A box is a rectangular solid: an extruded rectangle. It is drawn starting from a 3D reference coordinate. It has a width (in x), a height (in y), and a depth (in z). The box is drawn with the current color, e.g. set with ofSetColor(). The box is drawn filled by default; change this with ofFill();
Parameters:
x The x-coordinate of the box's origin.
y The y-coordinate of the box's origin.
z The z-coordinate of the box's origin.
width The width of the box.
height The height of the box.
depth The depth of the box.
ofDrawCone(...)
void ofDrawCone(const glm::vec3 &position, float radius, float height)

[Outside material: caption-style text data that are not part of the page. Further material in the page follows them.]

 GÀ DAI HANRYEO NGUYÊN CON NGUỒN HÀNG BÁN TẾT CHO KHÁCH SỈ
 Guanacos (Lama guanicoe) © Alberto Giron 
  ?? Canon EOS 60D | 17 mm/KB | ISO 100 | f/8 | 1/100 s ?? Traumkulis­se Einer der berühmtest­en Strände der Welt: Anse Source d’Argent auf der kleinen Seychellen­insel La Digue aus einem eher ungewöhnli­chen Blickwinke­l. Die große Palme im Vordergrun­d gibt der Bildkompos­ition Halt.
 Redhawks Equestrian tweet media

Draws a cone with specified radius and height starting from the specified position ( ofPoint(x,y,z) or ofPoint(x,y) ). The cone is drawn with the current color, e.g. set with ofSetColor(). The cone is drawn filled by default; change this with ofFill();
void ofApp::draw(){
// Draw a red cone at the center of the canvas.
ofSetColor(255, 0, 0);
ofFill();
ofDrawCone(ofPoint(ofGetWidth() * .5, ofGetHeight()* .5), 200, 300);
//NOTE: to better see the 3D shape you need to create a light spot...
//check `ofLight' documentation
}
ofDrawCone(...)
void ofDrawCone(float radius, float height)

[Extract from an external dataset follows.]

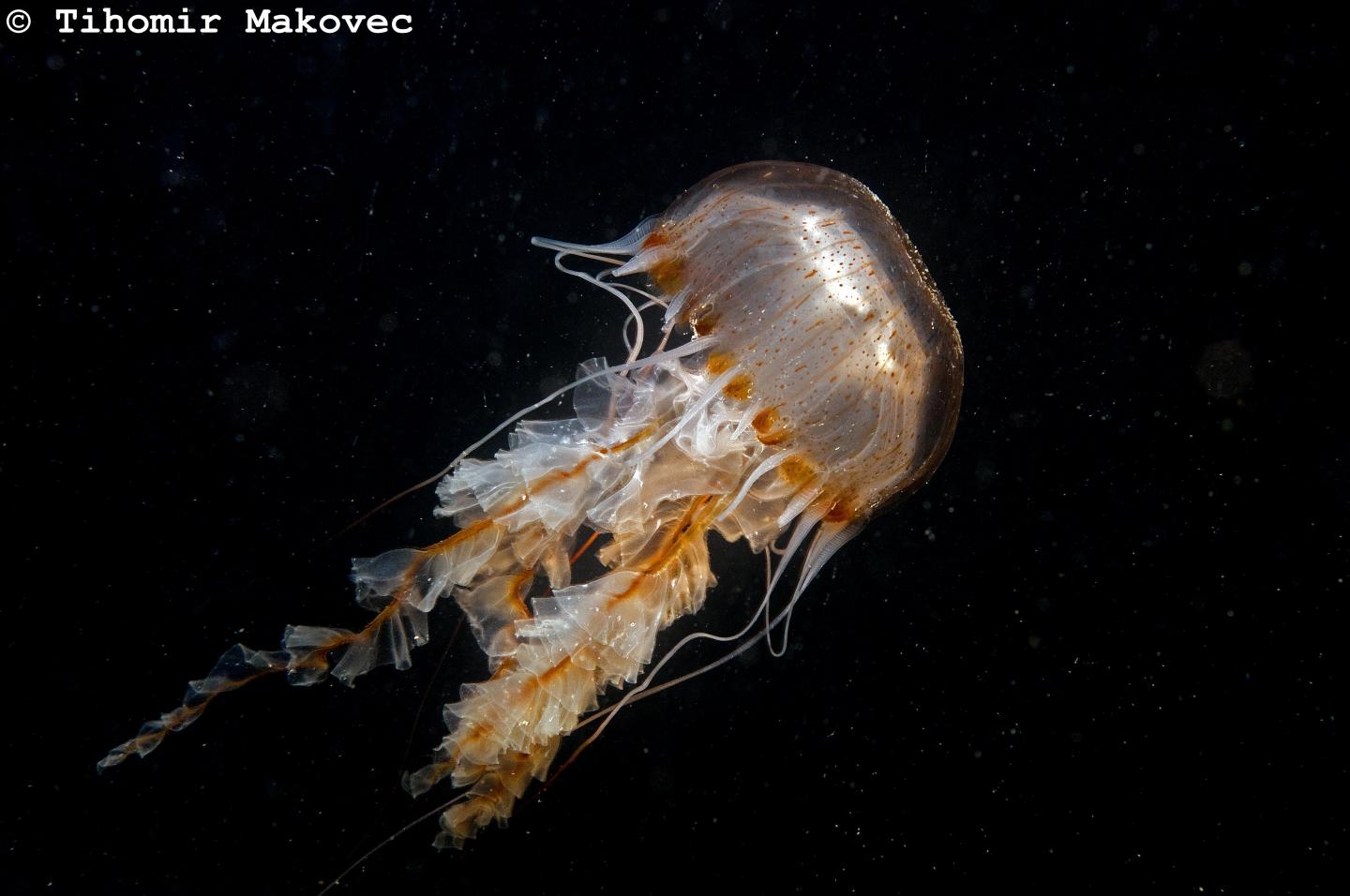Jellyfish Can Be Beautiful, but There Are Too Many of Them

Draws a cone with specified radius and height starting from the origin. The cone is drawn with the current color, e.g. set with ofSetColor(). The cone is drawn filled by default; change this with ofFill();
void ofApp::draw(){
// Draw a red cone
ofSetColor(255, 0, 0);
ofFill();
ofDrawCone(200, 300);
//NOTE: to better see the 3D shape you need to create a light spot...
//check `ofLight' documentation
}
ofDrawCone(...)
void ofDrawCone(float x, float y, float radius, float height)
Draws a cone with specified radius and height starting from the specified position (x and y coordinates). The cone is drawn with the current color, e.g. set with ofSetColor(). The cone is drawn filled by default; change this with ofFill();
void ofApp::draw(){
// Draw a red cone at the center of the canvas.
ofSetColor(255, 0, 0);
ofFill();
ofDrawCone(ofGetWidth() * .5, ofGetHeight()* .5, 200, 300);
//NOTE: to better see the 3D shape you need to create a light spot...
//check `ofLight' documentation
}
ofDrawCone(...)
void ofDrawCone(float x, float y, float z, float radius, float height)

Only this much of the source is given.